生活保護ケースワーカー奮闘記

令和時代に福祉事務所のケースワーカーとして働く公務員の皆さん、またその関係組織の方々に関する情報を提供します。

世間一般でいわれる生保あるある その5の2

さて、前回のようにかなりイレギュラーな訴えでの転居が認められるか。おおよそ、このイレギュラーな訴えで転居していくと、世間一般ではなぜ転居できるのか???という批判にもつながるのかもしれません。

 

まず、前回出たような、近隣住人とのトラブルについては大家さんや不動産会社さんに事前に解消の訴えがなされると思います。非常に対応に苦慮されることと思います、大家さんも楽じゃないですね。

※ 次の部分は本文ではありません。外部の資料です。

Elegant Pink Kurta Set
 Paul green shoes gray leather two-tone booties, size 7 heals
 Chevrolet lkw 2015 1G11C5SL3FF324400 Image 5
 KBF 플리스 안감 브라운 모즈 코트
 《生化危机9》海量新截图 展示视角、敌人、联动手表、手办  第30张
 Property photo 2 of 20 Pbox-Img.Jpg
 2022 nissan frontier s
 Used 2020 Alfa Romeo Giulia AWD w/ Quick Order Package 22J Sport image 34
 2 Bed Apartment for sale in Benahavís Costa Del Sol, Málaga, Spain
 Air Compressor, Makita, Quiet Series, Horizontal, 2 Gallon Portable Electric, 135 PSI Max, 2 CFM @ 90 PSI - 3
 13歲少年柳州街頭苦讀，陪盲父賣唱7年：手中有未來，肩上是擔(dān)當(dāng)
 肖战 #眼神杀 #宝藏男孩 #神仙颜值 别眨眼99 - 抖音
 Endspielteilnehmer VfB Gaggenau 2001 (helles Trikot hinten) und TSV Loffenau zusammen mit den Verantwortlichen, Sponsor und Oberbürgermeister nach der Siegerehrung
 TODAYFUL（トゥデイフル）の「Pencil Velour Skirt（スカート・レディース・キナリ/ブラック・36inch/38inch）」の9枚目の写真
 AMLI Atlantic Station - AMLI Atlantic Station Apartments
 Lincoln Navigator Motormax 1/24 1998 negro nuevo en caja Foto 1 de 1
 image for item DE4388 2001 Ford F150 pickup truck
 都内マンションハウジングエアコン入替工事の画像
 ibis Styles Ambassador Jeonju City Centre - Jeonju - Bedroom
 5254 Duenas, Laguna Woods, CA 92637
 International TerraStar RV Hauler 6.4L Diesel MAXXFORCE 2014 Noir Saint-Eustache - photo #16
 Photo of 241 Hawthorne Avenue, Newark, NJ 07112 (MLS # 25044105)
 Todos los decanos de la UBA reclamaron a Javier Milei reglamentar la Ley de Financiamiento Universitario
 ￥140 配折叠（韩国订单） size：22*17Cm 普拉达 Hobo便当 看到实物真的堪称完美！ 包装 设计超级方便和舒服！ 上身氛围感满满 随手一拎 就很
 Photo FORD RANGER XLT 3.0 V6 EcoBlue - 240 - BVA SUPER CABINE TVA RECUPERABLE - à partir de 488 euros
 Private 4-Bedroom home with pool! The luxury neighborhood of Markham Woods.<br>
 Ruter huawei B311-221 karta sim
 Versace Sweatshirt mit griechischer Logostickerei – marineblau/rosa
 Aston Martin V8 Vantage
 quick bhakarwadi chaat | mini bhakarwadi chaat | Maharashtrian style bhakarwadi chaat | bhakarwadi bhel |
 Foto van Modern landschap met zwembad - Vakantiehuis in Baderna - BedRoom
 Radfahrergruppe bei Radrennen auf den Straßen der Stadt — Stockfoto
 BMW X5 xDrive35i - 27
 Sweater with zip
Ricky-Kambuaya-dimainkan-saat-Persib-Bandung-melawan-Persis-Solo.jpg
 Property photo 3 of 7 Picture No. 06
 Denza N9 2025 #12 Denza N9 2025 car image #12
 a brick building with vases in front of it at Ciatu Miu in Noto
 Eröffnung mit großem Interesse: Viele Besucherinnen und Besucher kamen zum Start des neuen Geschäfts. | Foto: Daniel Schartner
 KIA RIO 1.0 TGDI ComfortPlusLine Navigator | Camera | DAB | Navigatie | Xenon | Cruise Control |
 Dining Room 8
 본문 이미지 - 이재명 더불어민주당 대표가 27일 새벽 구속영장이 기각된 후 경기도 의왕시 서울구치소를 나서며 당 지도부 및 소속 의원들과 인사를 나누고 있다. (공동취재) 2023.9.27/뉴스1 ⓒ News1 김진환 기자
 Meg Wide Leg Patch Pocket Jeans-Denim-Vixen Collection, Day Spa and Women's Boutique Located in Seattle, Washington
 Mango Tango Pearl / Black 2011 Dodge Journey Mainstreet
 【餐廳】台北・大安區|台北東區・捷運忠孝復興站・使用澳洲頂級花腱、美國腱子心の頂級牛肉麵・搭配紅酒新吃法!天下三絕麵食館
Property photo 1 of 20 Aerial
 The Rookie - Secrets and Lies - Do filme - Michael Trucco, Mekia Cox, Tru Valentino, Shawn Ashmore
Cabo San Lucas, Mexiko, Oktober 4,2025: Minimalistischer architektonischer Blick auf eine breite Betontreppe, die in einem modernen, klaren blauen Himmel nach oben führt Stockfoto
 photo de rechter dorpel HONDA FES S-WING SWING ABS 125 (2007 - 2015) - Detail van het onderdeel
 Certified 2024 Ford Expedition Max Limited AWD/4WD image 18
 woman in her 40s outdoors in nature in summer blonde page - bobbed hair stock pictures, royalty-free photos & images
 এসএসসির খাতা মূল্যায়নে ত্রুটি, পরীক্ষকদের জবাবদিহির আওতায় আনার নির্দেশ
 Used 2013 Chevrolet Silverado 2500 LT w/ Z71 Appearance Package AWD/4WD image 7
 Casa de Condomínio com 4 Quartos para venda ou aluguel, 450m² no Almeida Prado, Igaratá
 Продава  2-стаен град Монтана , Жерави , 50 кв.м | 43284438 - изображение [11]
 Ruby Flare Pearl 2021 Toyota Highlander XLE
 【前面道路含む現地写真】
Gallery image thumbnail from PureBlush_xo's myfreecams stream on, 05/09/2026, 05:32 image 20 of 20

この場合、おそらく大家さんや不動産会社さんは一応トラブル事案として確認はされていると思います。勿論、きちんとしたトラブルであれば何かしらの対応、トラブルを起こしている相手方に、迷惑している人がいるから控えるよう貸主として注意を促します。それでも改善が見られなければ、このトラブルを起こしている相手方に対して、退去をしてもらうなどの手段に出るでしょう。

 

問題は、このトラブルが全くない場合です。これがよく生保受給者には起こります。誰も何もしていないのに、誰かに見張られている、部屋に入られた、電波攻撃を受けている、このような訴えがなされたことは少なからず経験があるかと思います。このような訴えをされてしまうと、大家さん達も本当に大丈夫か!?と心配になってきます。

 

さて、このような場合、福祉事務所では「まず警察に相談すること」と助言します。、、、警察も困ると思いますが、地域の治安維持という観点では、誰かにつきまとわれている、見張られているという相談は受けざるを得ません。というのも、福祉事務所では何もできないからです。行政権力ではつきまといや見張られていることに対して、対応手段はありません。

 

しかし、これでもどーーーしても解消できない場合、これは福祉事務所で判断して転居を認める場合はあります。勿論、かなり時間を要しますし、担当CWの中には絶対に認めない!!という者もいます。あとは上司の査察指導官の判断もあります。絶対にダメという査察もいれば、転居することで落ち着くならやむなしと判断する方もいます。結構この辺りは対応バラバラです、一律のルールがないため、やはり個別案件として検討していきます。

 

私が過去経験したのは、複数回訴えがあり、かつ不動産会社からももうこれ以上訴えに対して対応することできない、退去してほしいといわれたもの。退去勧告が出てしまったので転居を認めたネガティブな例です。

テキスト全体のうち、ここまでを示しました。